Straight from the crypts, er, vaults of Cameo Parkway comes this fiendish find, a gruesome twosome of vintage albums, Monster Mash/Scary Tales, from the Cool Ghoul himself, the original TV horror host, Zacherle. The first of these albums hit #44 on the charts, as it boasts Zach’s Top Ten hit “Dinner With Drac” (plus, as one of four bonus tracks, its flipside, “Dinner with Drac Pt. 2”). His sleeve notes alone are worth the price of admission — and these albums come to you in original “moan-o.” None other than Zach acolyte (Zacholyte?) John Sebastian chips in with new notes, too. The albums are back in print in America following a long absence, just in time for Halloween.

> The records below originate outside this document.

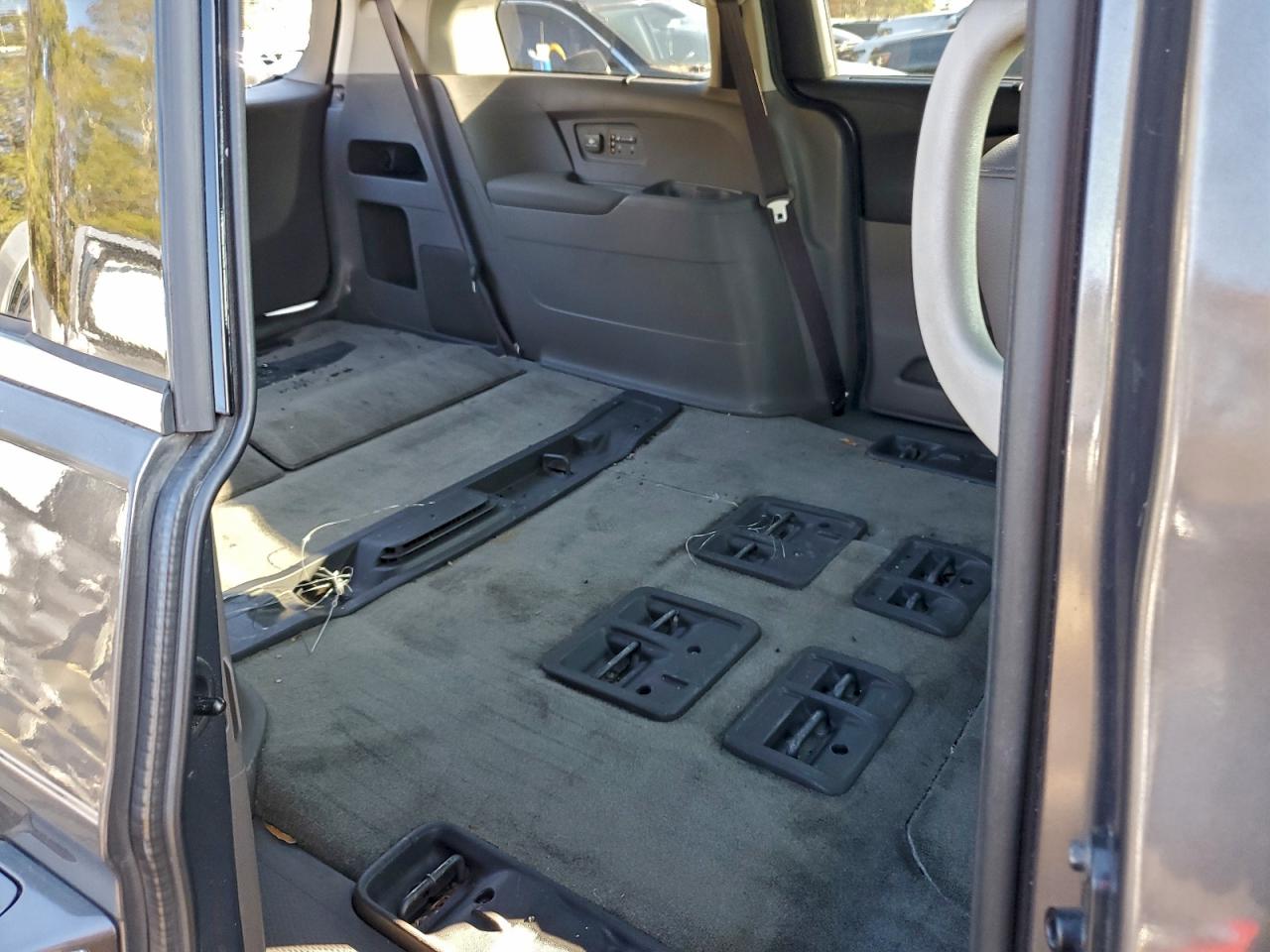 Honda Odyssey Touring Image 9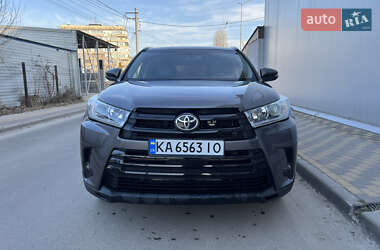 Позашляховик / Кросовер Toyota Highlander 2017 в Києві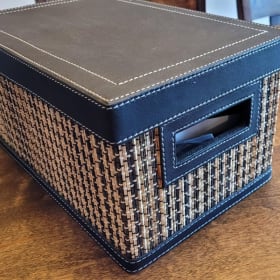 Lecteurs DVD portatifs et lot de DVD pour enfants item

The Romance album, David Cassidy’s first and only for Arista, was withheld from the American market upon its original release in 1985. Which, one suspects, may have sparked some second guessing in the label’s corporate suites after it scored a Top 10 hit in the U.K. with “The Last Kiss,” which featured George Michael on vocals. “She Knows All About Boys” was a European smash as well, while the album itself went to #20 on the British charts. Romance is also notable for being the only ’80s release from the former Partridge Family teen idol, and for the production and songwriting work of Alan Tarney (a-ha, Squeeze, Leo Sayer, Matthew Sweet). Nevertheless, this reissue marks the first time Romance has been released in any form in the U.S. Mike Ragogna’s liner notes place this long-lost recording in context of Cassidy’s one-of-a-kind career.